Für den Weltklassemann von Tottenham Hotspur ist klar: „Elfmeter verraten viel über die Mentalität.“Und diese zeigten nach fünf bitteren Strafstoß-Knockouts am Stück endlich mal die Three Lions. Sie schossen mutig, sie schossen wuchtig, sie schossen sich platziert ins Glück. „Ich hatte den vollen Glauben in unsere Schützen und in unseren Torwart“, versicherte Heldenmacher Southgate.

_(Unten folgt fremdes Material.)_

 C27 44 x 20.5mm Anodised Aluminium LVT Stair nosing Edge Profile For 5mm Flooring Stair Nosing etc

Das Mutterland des Fußballs feiert – und träumt. „Fuck me, I am crying. Yes yes yes“, jubelte Englands Legende Gary Lineker via Twitter. Ein Gefühlsausbruch, der keiner Übersetzung bedarf. Im Viertelfinale gegen Schweden am Samstag (16.00 Uhr) in Samara können Southgates Jungs erstmals seit 28 Jahren ein WM-Halbfinale erreichen. Der frühere Profi ist jetzt schon grenzenlos stolz auf sein Team. „Wir hatten totalen Glauben bis zum Ende“, beteuerte der 47-Jährige. Die monatelangen Simulationen und die detailgenaue Vorbereitung auf ein mögliches Elfmeter-Finale halfen den Three Lions, sehr vieles richtete Southgate auf diesen ersehnten Sieg aus.

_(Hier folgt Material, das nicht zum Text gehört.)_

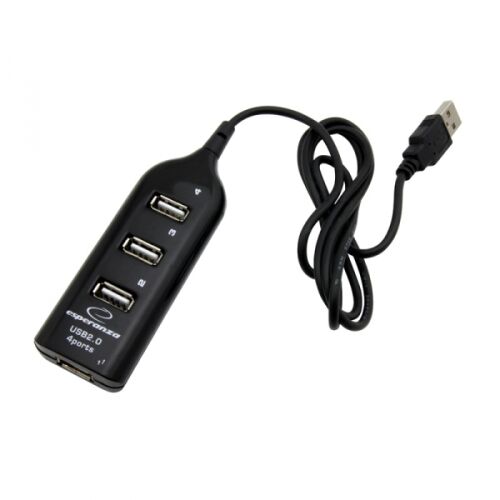Black Esperanza 4-Port USB 2.0 Hub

„Ich könnte nicht stolzer auf
England sein – ein Sieg im Elfmeterschießen. Ihr solltet wissen, dass das ganze Land hinter euch steht“, schrieb Prinz William über den Twitter-Account des Kensington-Palastes. Eine persönliche Widmung von „W“, wie sich William unter der Nachricht verewigte, ist in dem sozialen Netzwerk eine absolute Ausnahme.

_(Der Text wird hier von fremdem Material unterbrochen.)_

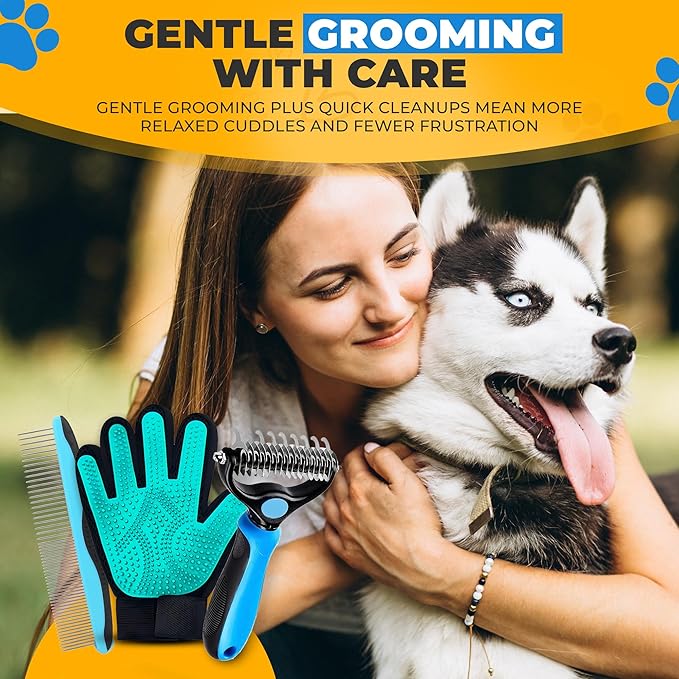 Pet Hair Removal Glove + Hair Brush Set – Dog Grooming Gloves for Shedding, Cat Grooming Brush, Cat Hair Brush – Pet Hair Remover Glove for Dogs & Cats, Dog Shedding Tool for All Coats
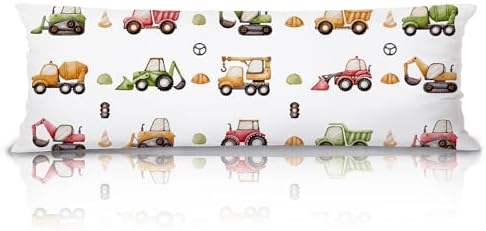 Construction Truck 20x54 Body Pillow Cover, Boy Nursery Room Decor, by Unknown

Die ewige Last vom Punkt, das Dauer-Scheitern in den vergangenen Jahren: In der größten denkbaren Drucksituation mussten Kane und Co. alles ausblenden – und es gelang ihnen prächtig. „Die Statistik macht es schwieriger für uns, aber wir waren relaxed, weil wir vorher Witze darüber gemacht haben“, sagte Southgate. Der Jubel und die berührenden Szenen auf dem Rasen des Spartak-Stadions sahen eher nach WM-Titel als nach Viertelfinaleinzug aus.
„Solche Momente muss man mit den Händen ergreifen, und das haben wir als Team auch gemacht“, sagte Angreifer Raheem Sterling. Dabei waren die Engländer nach einem Treffer von Kane (57. Minute) fast durch, bis ein Kopfballtor aus dem Nichts von Kolumbiens Yerry Mina (90.+3) den dominanten Engländern 30 Extra-Minuten einbrockte.
Der zusätzliche Umweg und die Widerstände der bissig kämpfenden Kolumbianer waren nicht genug. „Du kriegst im Leben nicht immer das, was du verdienst, aber heute haben wir es bekommen“, sagte Southgate.
Vor allem der erneut bärenstarke Kane lässt England träumen. Mit sechs Turniertoren steuert der 24-Jährige auf den Goldenen Schuh zu, der eiskalte Vollstrecker ist bislang der Star dieser Endrunde in Russland. Und dann ist da ja auch noch der neue Held zwischen den Pfosten. „Mich kümmert es nicht, falls ich nicht der größte Torwart der Welt sein sollte, ich habe die Kraft und Beweglichkeit“, sagte der 24 Jahre alte Pickford. Wer will schon der größte Torwart der Welt sein, wenn er sogar der Retter der englischen FußballWelt sein kann?